QR decomposition on regression

I am reading this nice post on QR decomposition on regression.

I wonder the reason for the observations under “The Importance of Centering Covariates” – the posterior on \tilde{\beta} is still quite correlated without the centering. Is it about the design matrix [1,Q]?

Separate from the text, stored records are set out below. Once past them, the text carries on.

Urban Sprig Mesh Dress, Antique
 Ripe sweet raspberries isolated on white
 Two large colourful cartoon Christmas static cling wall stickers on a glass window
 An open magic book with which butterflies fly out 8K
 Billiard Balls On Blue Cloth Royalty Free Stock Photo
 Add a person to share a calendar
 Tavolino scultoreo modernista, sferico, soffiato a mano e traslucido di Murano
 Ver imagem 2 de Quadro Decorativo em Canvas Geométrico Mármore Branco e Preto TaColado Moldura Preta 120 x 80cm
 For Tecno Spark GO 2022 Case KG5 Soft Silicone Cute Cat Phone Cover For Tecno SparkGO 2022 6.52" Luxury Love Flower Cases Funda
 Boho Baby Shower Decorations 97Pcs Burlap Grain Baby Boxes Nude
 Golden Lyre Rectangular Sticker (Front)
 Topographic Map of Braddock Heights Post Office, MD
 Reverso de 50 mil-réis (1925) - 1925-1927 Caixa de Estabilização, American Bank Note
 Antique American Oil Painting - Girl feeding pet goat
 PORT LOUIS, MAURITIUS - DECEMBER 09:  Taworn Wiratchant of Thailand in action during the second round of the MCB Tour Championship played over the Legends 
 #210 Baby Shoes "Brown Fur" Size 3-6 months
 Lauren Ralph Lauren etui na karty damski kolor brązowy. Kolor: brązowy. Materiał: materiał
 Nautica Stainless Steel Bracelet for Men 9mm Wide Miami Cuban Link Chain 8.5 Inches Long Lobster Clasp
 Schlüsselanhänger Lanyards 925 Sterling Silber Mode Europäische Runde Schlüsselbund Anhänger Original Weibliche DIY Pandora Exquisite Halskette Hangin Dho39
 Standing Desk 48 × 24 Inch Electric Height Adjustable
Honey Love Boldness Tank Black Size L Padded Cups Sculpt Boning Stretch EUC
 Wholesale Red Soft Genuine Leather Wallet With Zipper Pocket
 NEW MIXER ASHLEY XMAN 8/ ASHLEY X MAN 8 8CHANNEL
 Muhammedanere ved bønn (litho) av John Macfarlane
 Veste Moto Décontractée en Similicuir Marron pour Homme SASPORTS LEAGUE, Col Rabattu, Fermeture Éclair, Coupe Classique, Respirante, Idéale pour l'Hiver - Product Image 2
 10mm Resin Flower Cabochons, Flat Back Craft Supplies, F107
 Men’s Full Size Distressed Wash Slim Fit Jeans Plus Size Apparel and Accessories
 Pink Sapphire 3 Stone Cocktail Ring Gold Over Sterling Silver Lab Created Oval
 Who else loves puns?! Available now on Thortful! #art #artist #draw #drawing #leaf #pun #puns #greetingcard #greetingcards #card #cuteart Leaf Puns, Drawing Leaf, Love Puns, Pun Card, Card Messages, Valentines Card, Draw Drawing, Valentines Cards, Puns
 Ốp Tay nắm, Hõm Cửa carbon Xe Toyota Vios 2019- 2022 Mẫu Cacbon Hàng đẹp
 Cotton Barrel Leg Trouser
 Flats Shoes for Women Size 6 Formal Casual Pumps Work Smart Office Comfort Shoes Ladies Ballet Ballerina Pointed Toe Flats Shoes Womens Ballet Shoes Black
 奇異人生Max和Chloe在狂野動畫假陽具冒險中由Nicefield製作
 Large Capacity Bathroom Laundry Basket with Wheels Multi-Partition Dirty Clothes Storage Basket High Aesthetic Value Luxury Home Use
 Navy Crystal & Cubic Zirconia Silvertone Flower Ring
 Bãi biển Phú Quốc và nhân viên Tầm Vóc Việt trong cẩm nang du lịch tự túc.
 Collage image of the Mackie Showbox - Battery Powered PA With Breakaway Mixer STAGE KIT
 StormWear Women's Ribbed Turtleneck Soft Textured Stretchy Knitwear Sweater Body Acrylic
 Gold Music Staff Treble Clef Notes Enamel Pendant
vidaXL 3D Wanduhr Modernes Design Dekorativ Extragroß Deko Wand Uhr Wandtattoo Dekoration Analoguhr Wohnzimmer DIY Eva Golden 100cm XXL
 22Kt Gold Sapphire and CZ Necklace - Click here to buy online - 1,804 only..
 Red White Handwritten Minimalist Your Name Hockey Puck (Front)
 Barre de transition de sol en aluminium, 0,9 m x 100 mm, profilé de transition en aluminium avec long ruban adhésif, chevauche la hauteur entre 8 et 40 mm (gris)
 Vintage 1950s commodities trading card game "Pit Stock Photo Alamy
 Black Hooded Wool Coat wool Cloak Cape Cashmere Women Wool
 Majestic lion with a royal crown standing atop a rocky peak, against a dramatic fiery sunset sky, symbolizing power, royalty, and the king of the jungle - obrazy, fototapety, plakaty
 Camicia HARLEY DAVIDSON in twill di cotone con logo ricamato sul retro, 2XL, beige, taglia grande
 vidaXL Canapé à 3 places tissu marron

Following the setup of the original post, I did

N <- 5000
x <- rnorm(N, 10, 1)
X <- data.matrix(data.frame(x, x * x))

Q <- qr.Q(qr(X)) 
design <- cbind(1, Q)

t(design) %*% design

and get

            [,1]          [,2]          [,3]
[1,] 5000.000000 -7.036359e+01 -6.931542e+00
[2,]  -70.363587  1.000000e+00 -9.419006e-18
[3,]   -6.931542 -9.419006e-18  1.000000e+00

which looks reasonably okay to me. I am curious what would be the root cause for the strong correlated posterior.

Then I actually tried

cov2cor(solve(t(design) %*% design))

and get

          [,1]      [,2]      [,3]
[1,] 1.0000000 0.9999072 0.9905672
[2,] 0.9999072 1.0000000 0.9904752
[3,] 0.9905672 0.9904752 1.0000000

which does indicate the posterior would strongly correlate. But I don’t think I fully understand the reason. Some discussion will be very helpful.

@bgoodri and @betanalpha were also discussing related to this in QR Regression Questions.

1 Like

The direct reason would be that Q[, 1] and Q[, 2] still exhibit a strong correlation, (although the dot product is 0). And when the intercept is included after the QR decomposition, coefficients corresponding to Q[, 1] and Q[, 2] will still be weakly identifiable.

1 Like

sorry for not getting to you earlier. It is not clear to me whether your last post means that you managed to resolve the inquiry or if you would still find some more discussion helpful…

Good luck with your journey in stats!